Adjoining St. Catherine’s Church is a cloister where you can see a statue of St. Jerome on a 6½-ft.-high column.
Openings=daily from 0600 to 1200 hours and 1400 to 1800 hours.

The Milk Grotto
The Milk Grotto is at a short distance to the southeast of the Basilica of Nativity. It was carved of soft white rock with mosaic fragments on the terrace. Legend has it that Virgin Mary stayed in this grotto with the divine child. One day, while she was suckling the infant Jesus, a few drops of milk spilled to the ground. The milk turned the rock white and it became one of the most revered sites of Christianity. The white rock at the grotto is known for its healing powers. Many European churches have taken away pieces of the rock to put in their own churches.
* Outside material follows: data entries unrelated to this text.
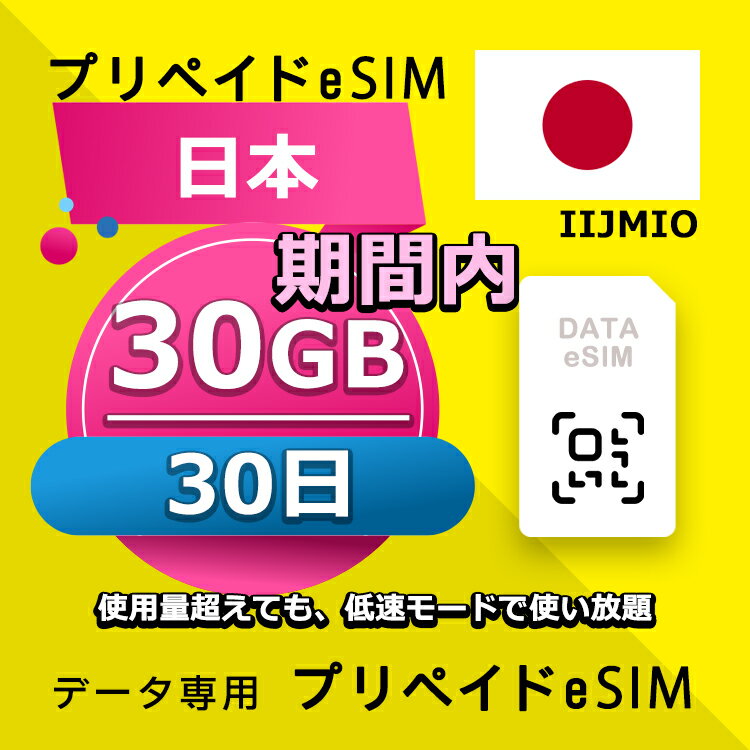 データ通信eSIM 日本 30日間 30GB esim 格安eSIM SIMプリー 日本 データ専用 IIJmio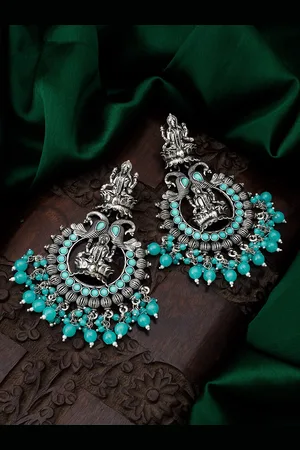 Aadita Silver-Toned Oval Chandbalis Earrings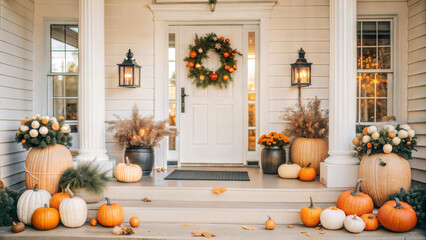 Beautiful front porch decorated with pumpkins and autumn wreaths for fall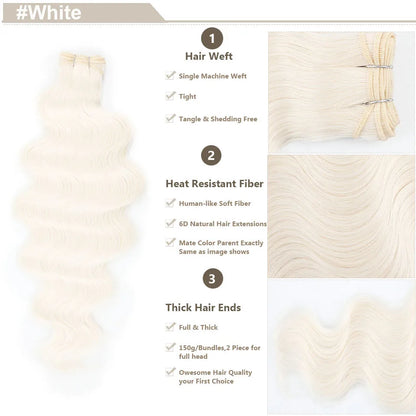 Magicae Ombre Bio Body Wave Hair Bundles 26"/30" Synthetic Hair Extensions Heat Resistant Soft Fiber Hair Weaving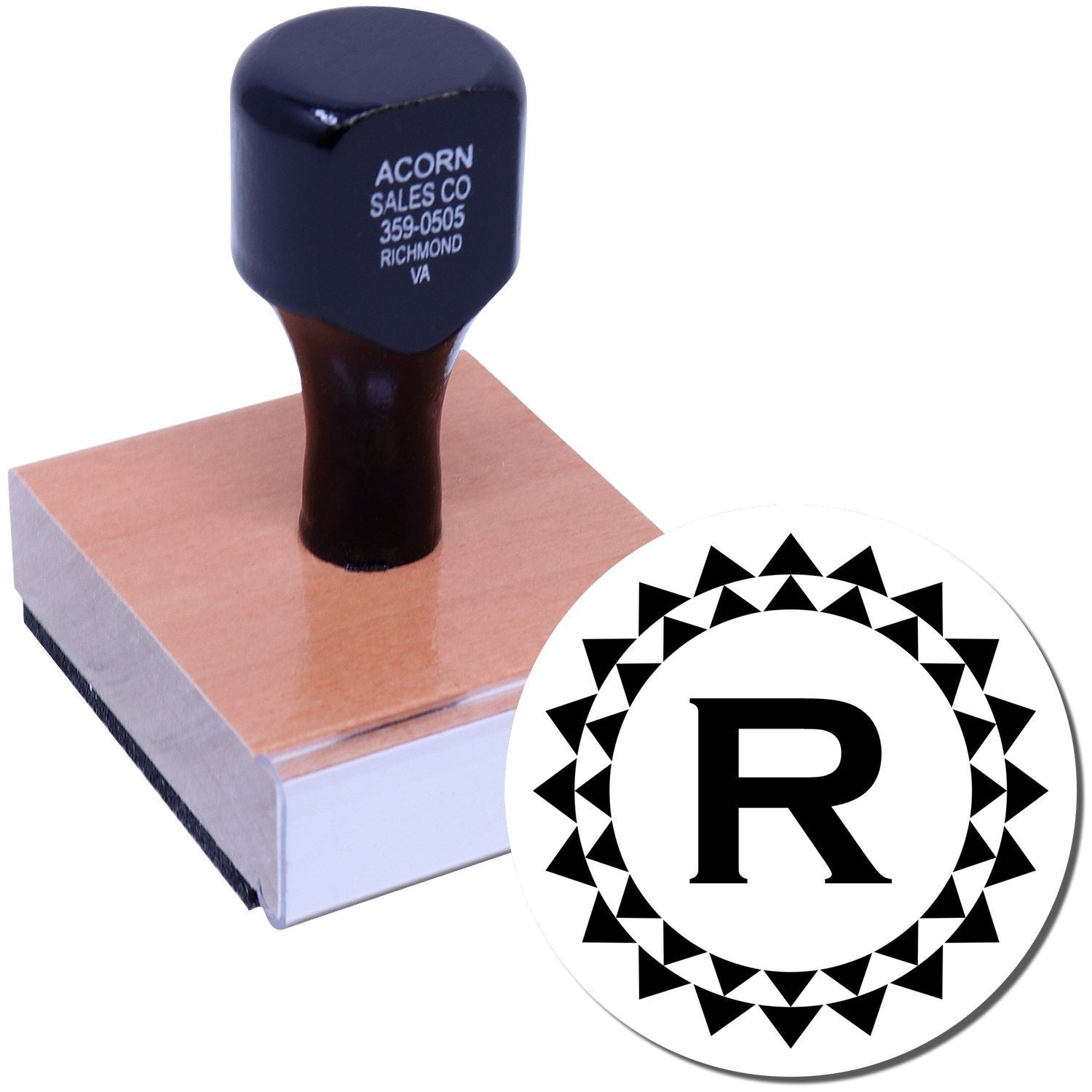 Custom rubber stamp featuring a monogram R seal for business branding, document marking, and packaging.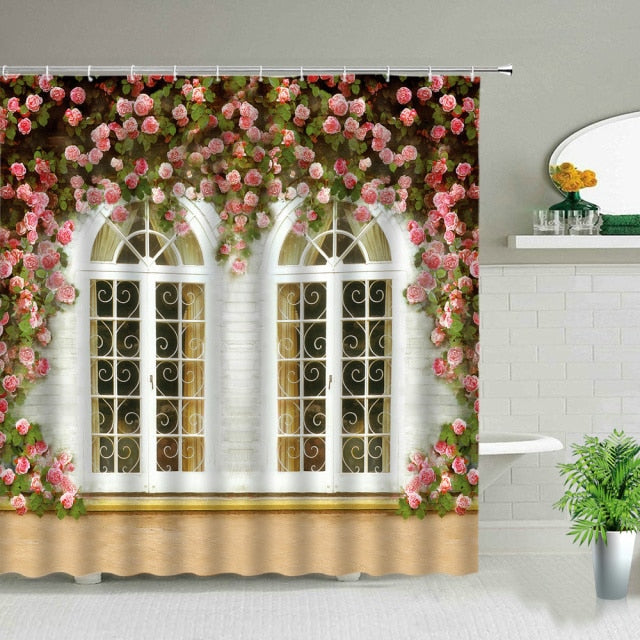 White Double Window With Roses Shower Curtain - Clover Online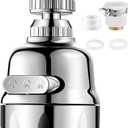 Kitchen Faucet Head Replacement, 360 Faucet Extender 3 Mode Adjustable Kitchen Faucet Spray Universal Aluminum Adapter Anti -Splash Kitchen Sink Accessories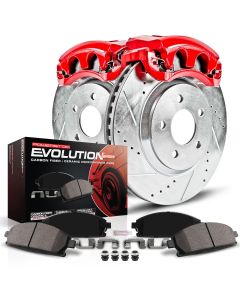 Power Stop KC2149 Front Z23 Evolution Sport Performance 1-Click Brake Kit with Powder Coated Calipers for 99-04 Jeep Grand Cherokee WJ with Akebono Calipers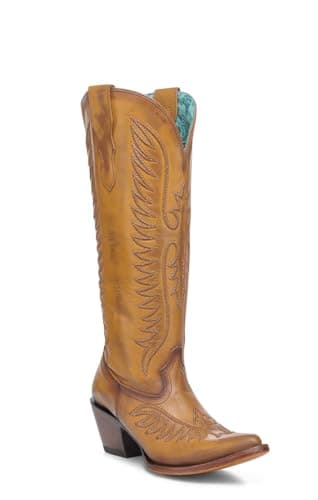 Corral Boots Womens Embroidered Pointed Toe Toe Zippered Casual Boots Knee High High Heel 3" & Up - Brown - Size 7.5 B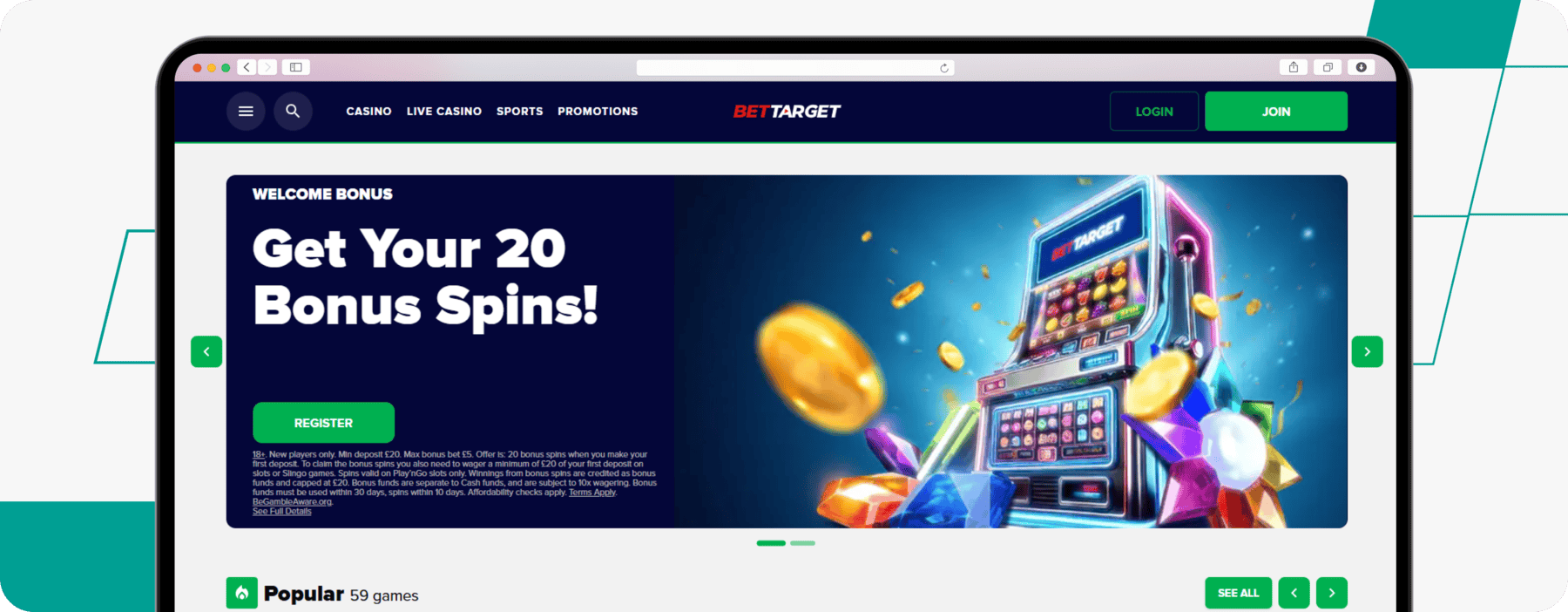 screenshot of bettarget casino welcome offer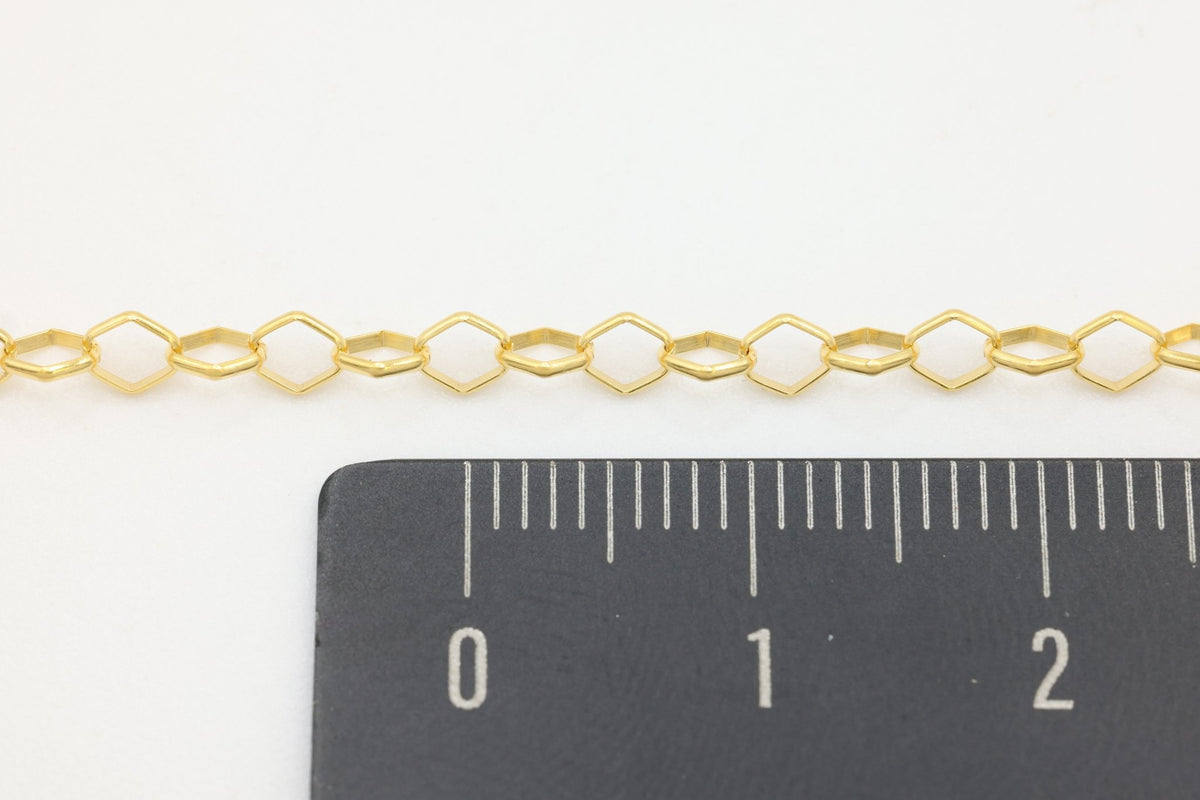 3mm Marquise Diamond Cable Chain, 925 Sterling Silver, Wholesale, Pay Per Foot, Jewelry Making Chain - HarperCrown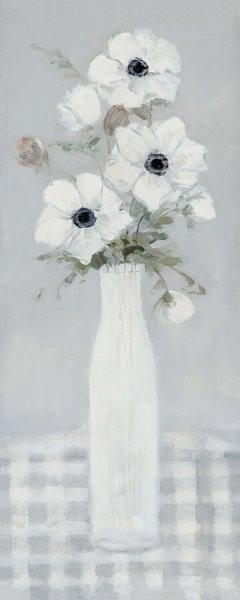 Gingham Anemone II by Sally Swatland Oil Painting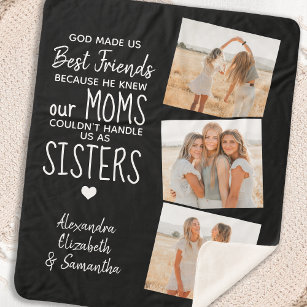 God Made Us Best Friends Custom Friendship Photo Sherpa Blanket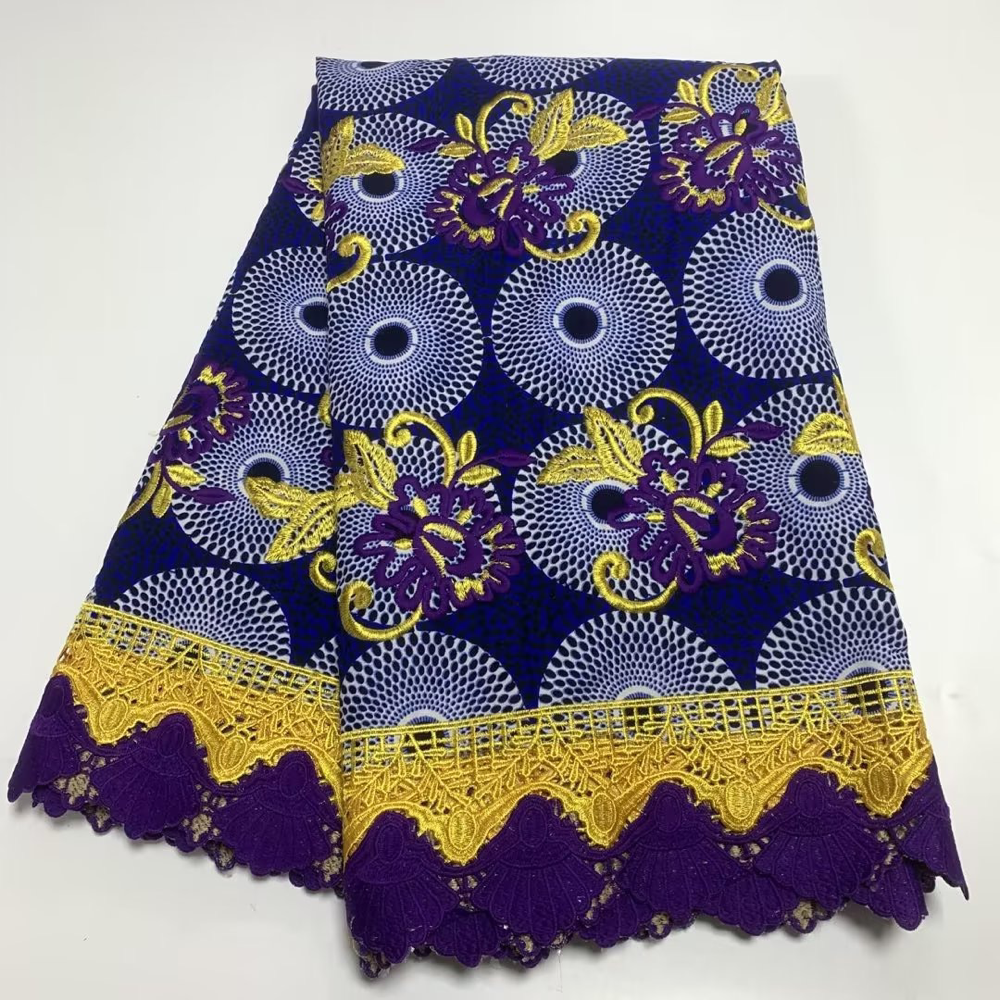 2022 High Quality Ankara Print Embroidered Wax Lace Hot Sale African Ankara Fabric With Stones Embroidery Chemical Wax Fabric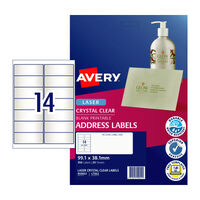 AVERY Laser Label Clear L7563 14Up Pack of 25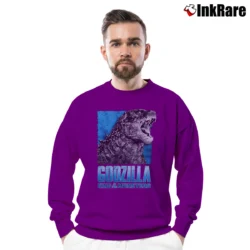 Men’s Godzilla King Of The Monsters Movie Roar Crewneck Sweatshirt in purple | Cozy Fabric, Clean Style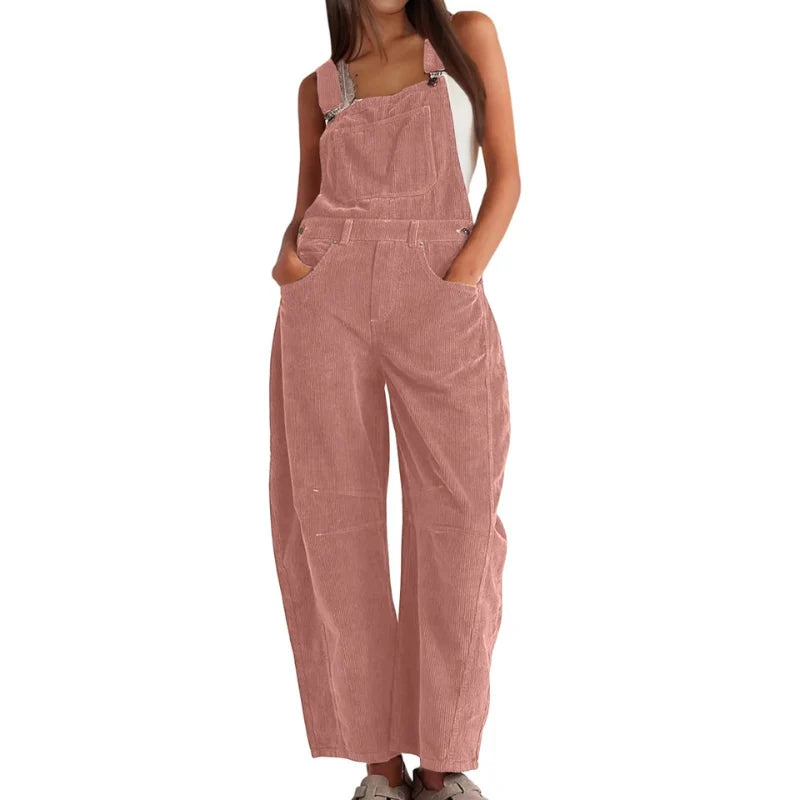 Corduroy Wide-Leg Jumpsuit | Women's Relaxed Fit Dungarees 0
Visits made here by nursing mothers are supposed to help their lactation, and packets of the powdered stone are sold as souvenirs.

Openings=daily from 0800 to 1330 hours and 1400 to 1700 hours.

Rachel’s Tomb (Masjid Bilal)
The tomb marks the place where Rachel, the beautiful wife of Jacob, was buried after she died giving birth to their son Benjamin. The tomb is revered not only by the Jews but also by Christians and Muslims. The present mosque, built during Ottoman Empire, is located on the Jerusalem–Hebron road near Bethlehem.
Openings=Sunday through Thursday from 0800 to 1800 hours and on Friday from 0800 to 1300 hours

Shepherds’ Field
Legend has it that it was at Shepherds’ Field where the bewildered shepherds heard the angels singing “Glory to God in the highest, and peace on earth to men of good will”. Many old and new structures are scattered throughout. The field is situated to the east of the village of Beit Sahour.
Opening Hours:

David’s Wells
These are three great cisterns from which, according to legends, King David longed to drink while fighting the Philistines. To the east lies a church discovered in 1895, decorated with mosaic pavements and Greek inscriptions.